(Beginning of GIVEN INFORMATION)
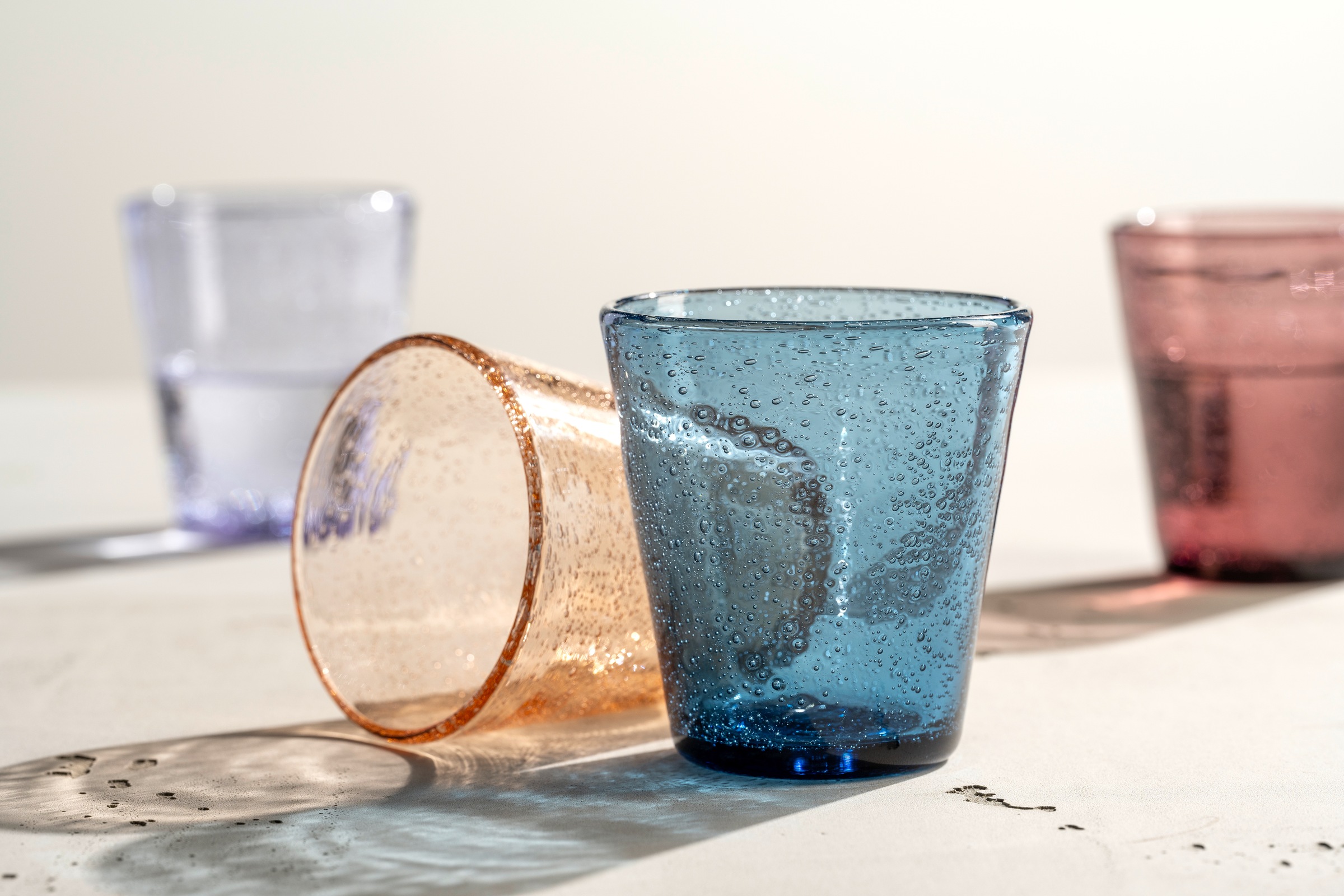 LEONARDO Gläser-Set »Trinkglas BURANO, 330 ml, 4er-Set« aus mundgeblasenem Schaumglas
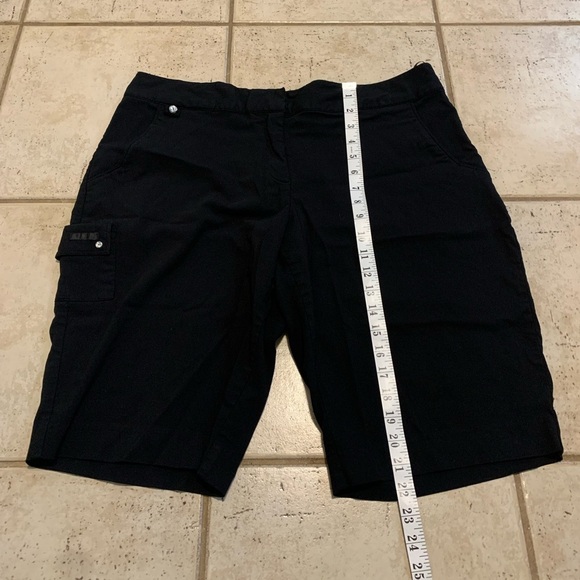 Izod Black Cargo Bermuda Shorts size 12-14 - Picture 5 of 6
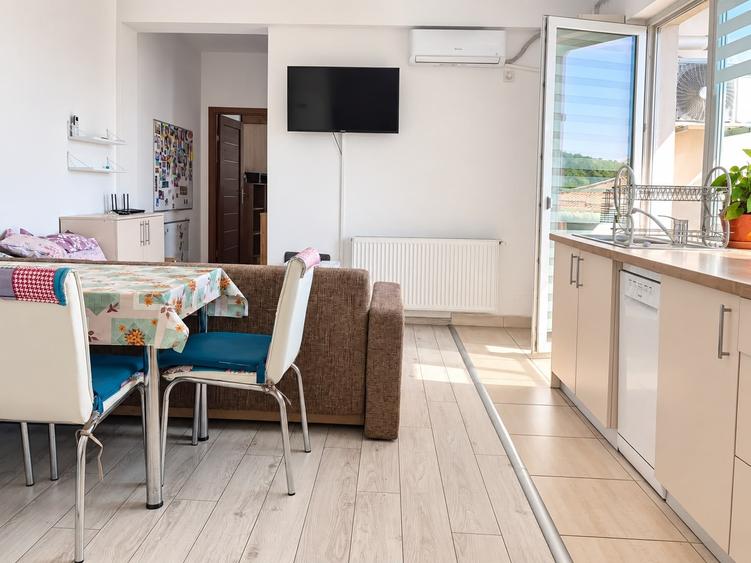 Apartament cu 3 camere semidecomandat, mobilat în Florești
(End of GIVEN INFORMATION)
(Beginning of GIVEN INFORMATION)
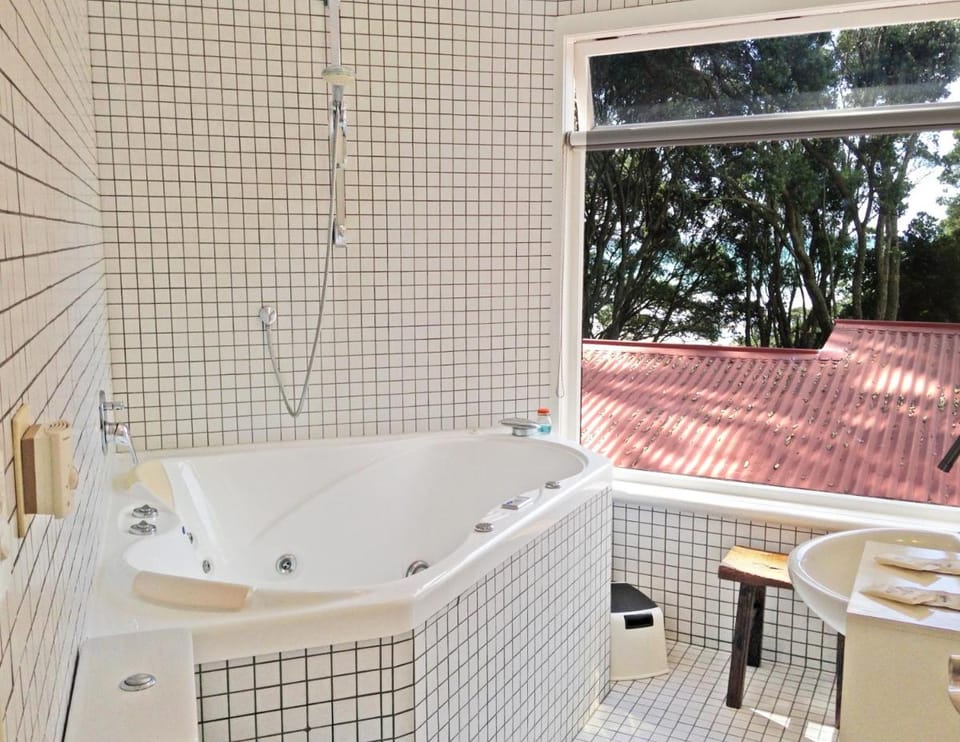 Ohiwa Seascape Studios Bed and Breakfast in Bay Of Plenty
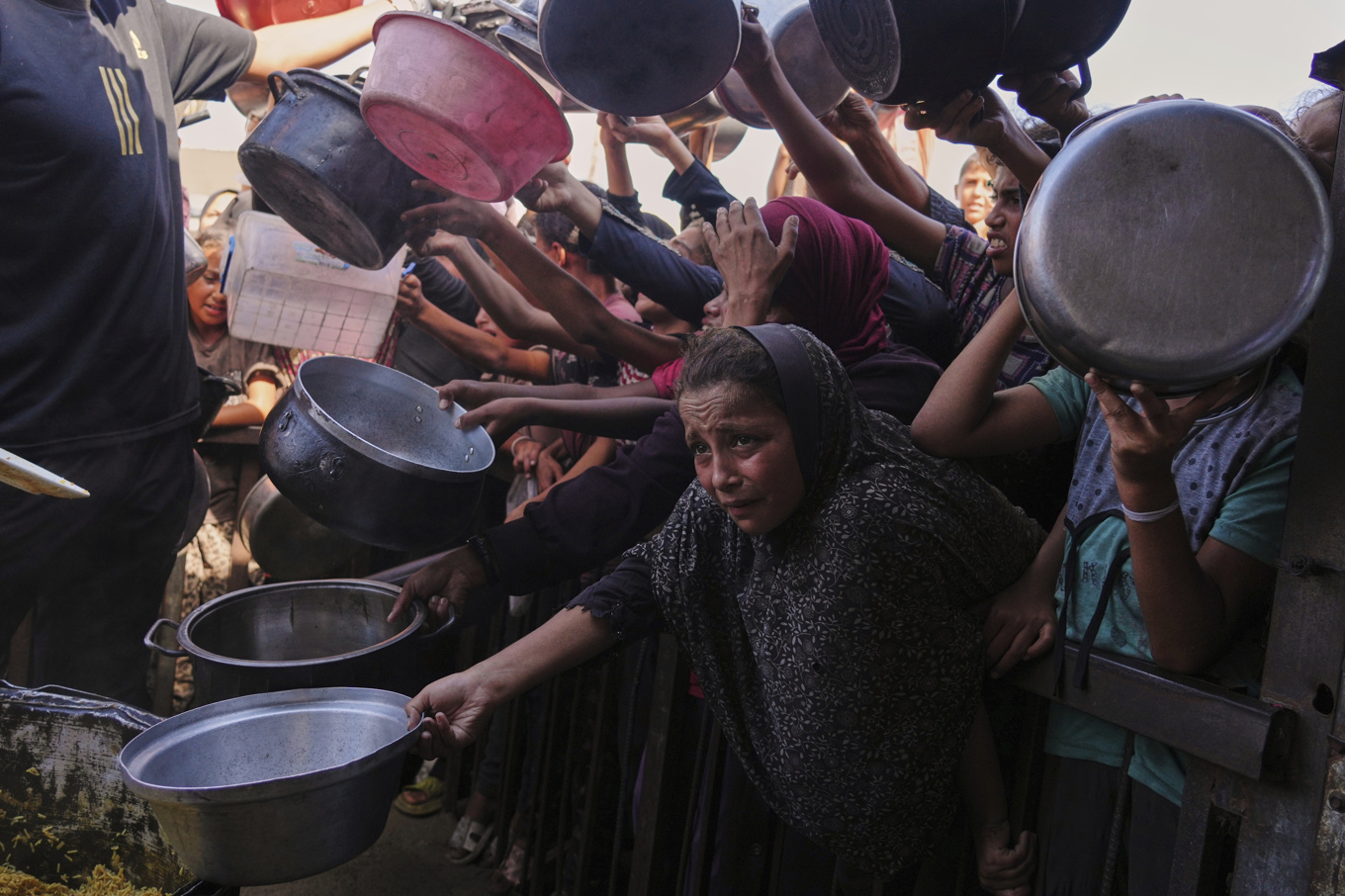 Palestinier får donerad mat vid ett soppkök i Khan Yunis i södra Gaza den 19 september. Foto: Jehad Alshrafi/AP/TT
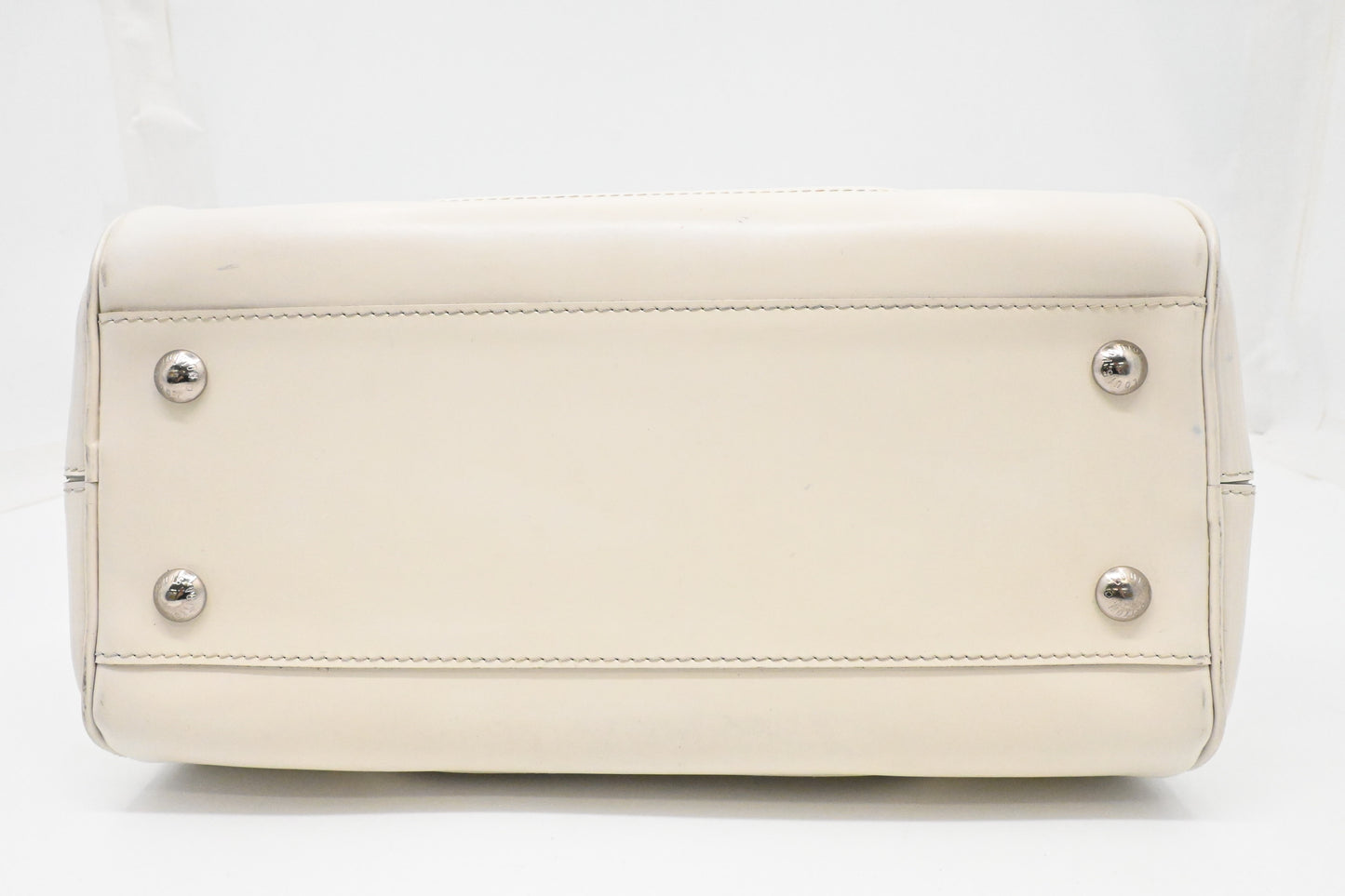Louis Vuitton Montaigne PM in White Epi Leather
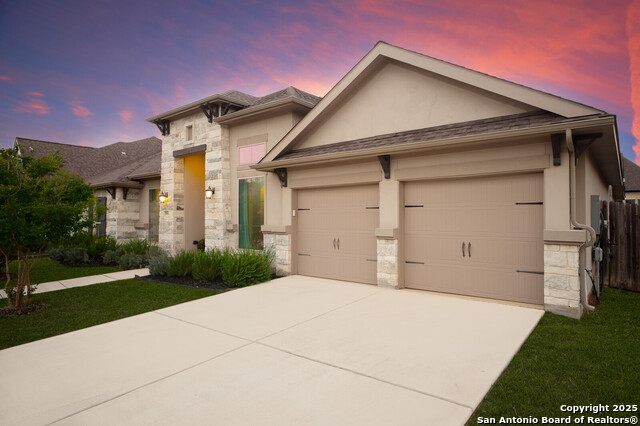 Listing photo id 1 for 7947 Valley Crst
(End of GIVEN INFORMATION)
(Beginning of GIVEN INFORMATION)
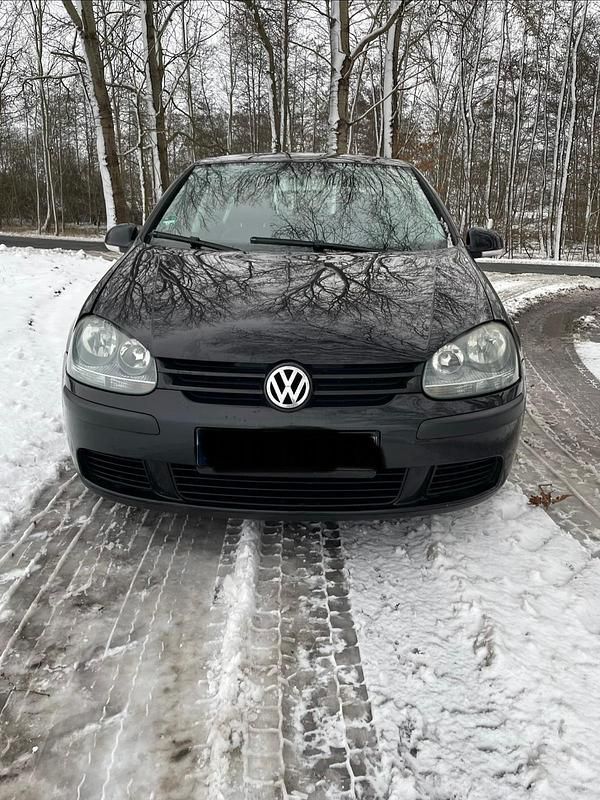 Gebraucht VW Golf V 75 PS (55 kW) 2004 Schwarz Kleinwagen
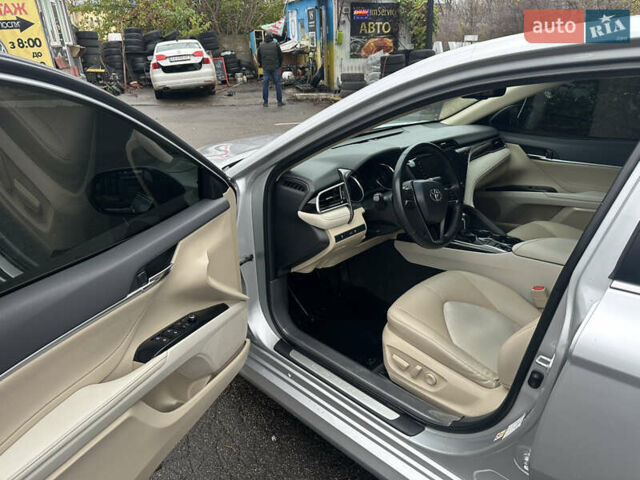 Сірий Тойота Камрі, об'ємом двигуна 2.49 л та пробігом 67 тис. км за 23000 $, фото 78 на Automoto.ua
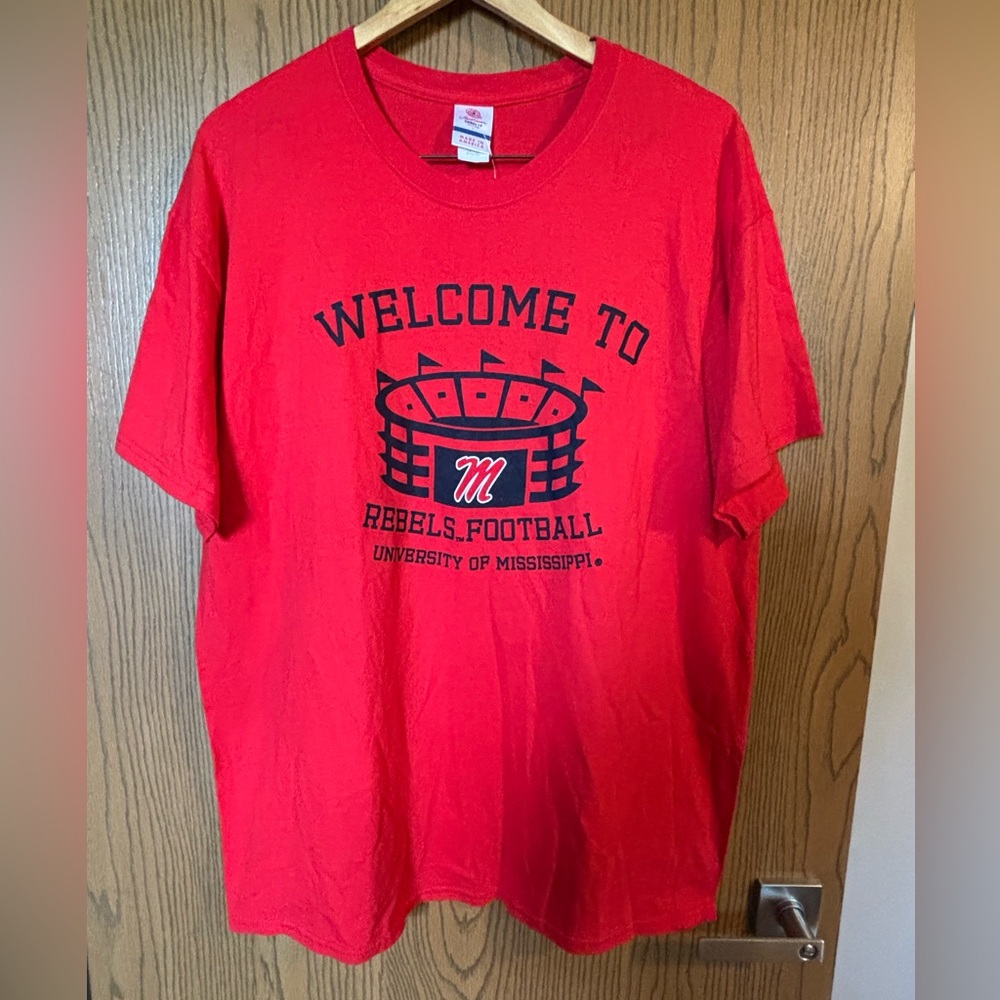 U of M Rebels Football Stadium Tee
(End of GIVEN INFORMATION)
■ **WHAT YOU ARE ASKED TO DO**: Find the line with "Palestinier får donerad" in the entries above. Set down exactly every line from it up to and including the line with "Listing photo id 1 for 7947 Valley Crst", images excluded.

■ **FINISHED TASK**:
 Palestinier får donerad mat vid ett soppkök i Khan Yunis i södra Gaza den 19 september. Foto: Jehad Alshrafi/AP/TT
Louis Vuitton Montaigne PM in White Epi Leather
 Listing photo id 1 for 7947 Valley Crst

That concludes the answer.